Pendant ce temps, son mari a commencé à avoir une toux sèche et a perdu son sens du goût et de l’odorat, a-t-elle déclaré. Et sa mère de 67 ans et son père de 68 ans ont développé des fièvres par intermittence, jusqu’à 104 degrés, a déclaré le couple au Daily Beast. Sa mère a déclaré qu’elle avait confirmé son diagnostic grâce à un test COVID-19.

Le couple a eu des maux de tête, des nausées, de la diarrhée, des douleurs articulaires et une toux persistante. Vendredi, au téléphone, l’homme de 67 ans a toussé à plusieurs reprises tout en décrivant à quel point il avait été «frustrant» de voir le virus qualifié de canular.

«Je ne pense pas que les gens s’en rendent compte», dit-elle. «Ils soufflent. Jusqu’à présent, frappez au bois, nous ne sommes pas gravement malades, mais c’est toujours une maladie dévastatrice. Nous sommes au jour 11, et il n’y a pas de fin en vue. La nuit dernière, mon mari a de nouveau eu une température de 104. Nous ne sommes pas hospitalisés, mais ce n’est toujours pas facile.

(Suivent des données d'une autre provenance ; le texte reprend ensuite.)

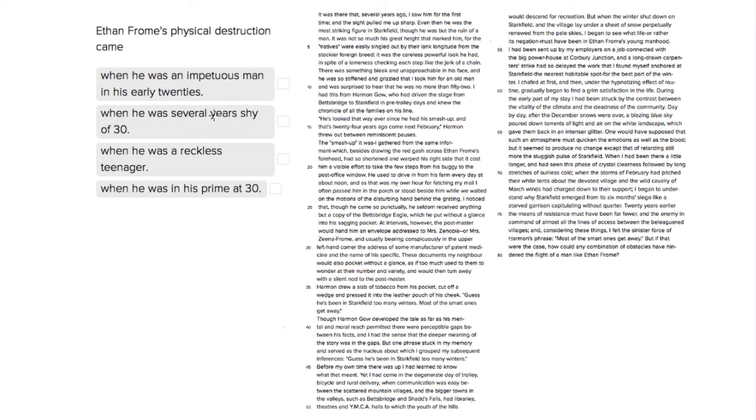This is Sophie Heller, and this is an ACT reading question. The question asks us, when did Ethan Fromm's physical destruction come?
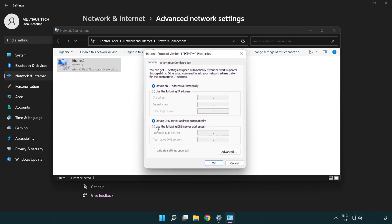Click use the following DNS server addresses. Type 8.8.8.8. Type 8.8.4.4.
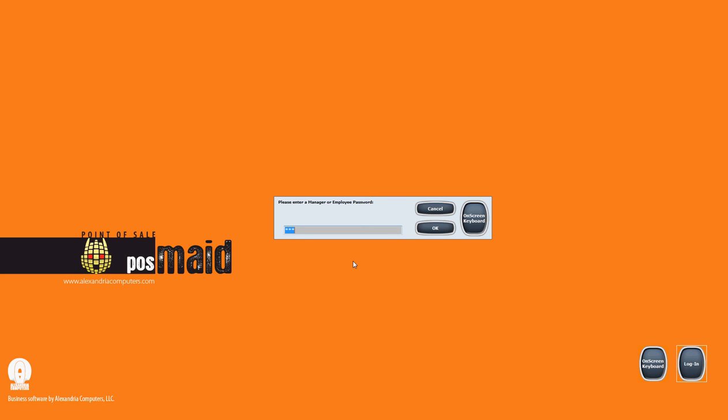Right now, you can see that we have a pre-filled value in this text box. That is because we are running the software for the first time and we haven't really changed anything as far as passwords or security. We haven't assigned any passwords, so the default one is pre-filled. That's a manager password that's going to let us test out the software better.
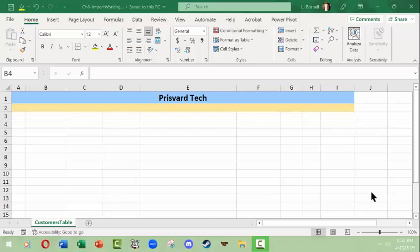Hello, this is LJ Bothell and this is a Microsoft Excel video that's going to show you a different kind of importing of data from another location into Excel spreadsheets and workbooks.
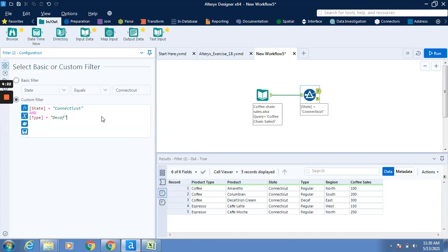Yes, so the AND function is being applied. You can click on run. We can see this particular coffee Decaf record for Connecticut. Click on run and you can see only one record.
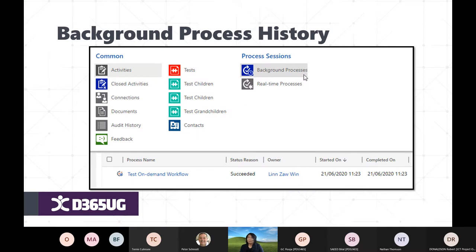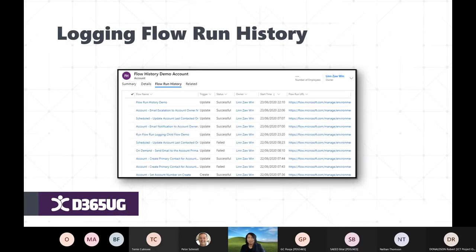The next method is logging flow runs to a custom activity table in Dataverse — similar to how classic background workflows were associated with records. You build a custom Flow Run History table that stores the flow name, trigger type, status, start time, and a link to the flow run URL. As long as records haven't been deleted and are within 30 days, you can open the URL directly from this table to view the associated flow run.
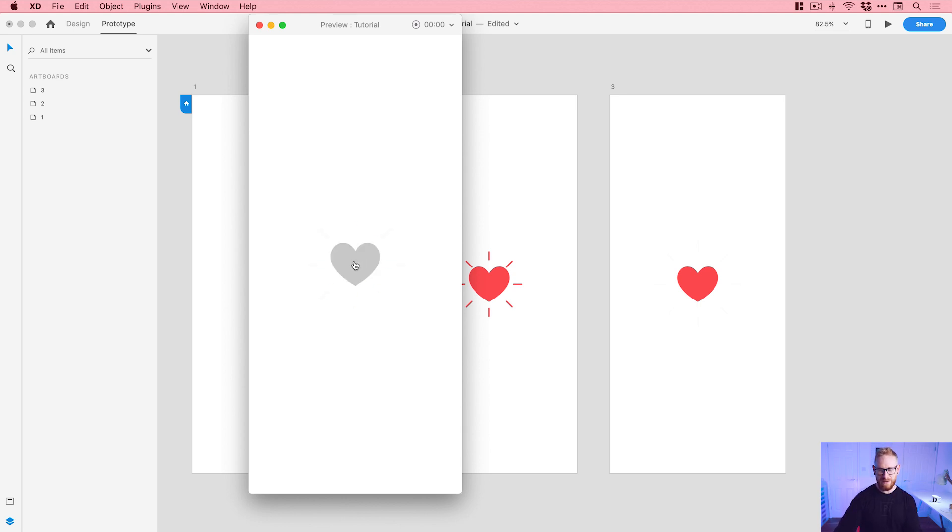And there we go, that's how to create a fun like heart animation all in Adobe XD. So guys, I really hope you enjoyed this tutorial. If you've got any questions or comments, you know what to do, drop those down below. But as always, like this video if you enjoyed it. Take care and I'll see you next time.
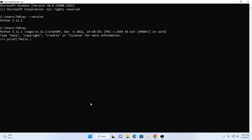It will print a message: 'Hello Python 3.11.1'. Now hit Enter and see this message.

Knop, 86 ans, a également présenté des symptômes, bien qu’il n’ait pas été testé pour confirmer qu’ils provenaient du COVID-19. Il a déclaré au Daily Beast qu’il avait développé «un sentiment de malaise général» et une «fièvre quotidienne récurrente d’environ 101».

«Habituellement, je fais toutes sortes de choses, mais je n’ai pas d’ambition», a-t-il déclaré au Daily Beast, ajoutant qu’il espérait que ses symptômes ne s’aggraveraient pas.

Bien que sa fille et sa petite-fille aient pu se faire tester grâce aux recommandations de leurs médecins, Knop a eu plus de mal à y accéder.

«C’est tout simplement terrible d’essayer de se faire tester», a déclaré Knop. «Mais je travaille dessus.»

Plusieurs des sites de test locaux de la région, y compris l’hôpital local, indiquent sur leurs pages Web qu’ils ont besoin d’un rendez-vous et d’une recommandation d’un médecin pour obtenir un test de diagnostic COVID-19. L’hôpital note que «les tests sont disponibles et ouverts à tous les membres de la communauté» une fois qu’ils ont franchi ces deux obstacles.

Kathy Moore, directrice du département de santé publique, a déclaré que «la rapidité avec laquelle une personne peut recevoir un test peut être affectée par le fait qu’elle soit symptomatique ou non, ou qu’elle ait été identifiée comme un contact étroit», mais qu’il existe des sites locaux qui testent sans ordre des médecins.

Pourtant, a admis Moore dans un e-mail, “Nous sommes dépassés par nos limites en raison du nombre élevé de cas à l’heure actuelle.”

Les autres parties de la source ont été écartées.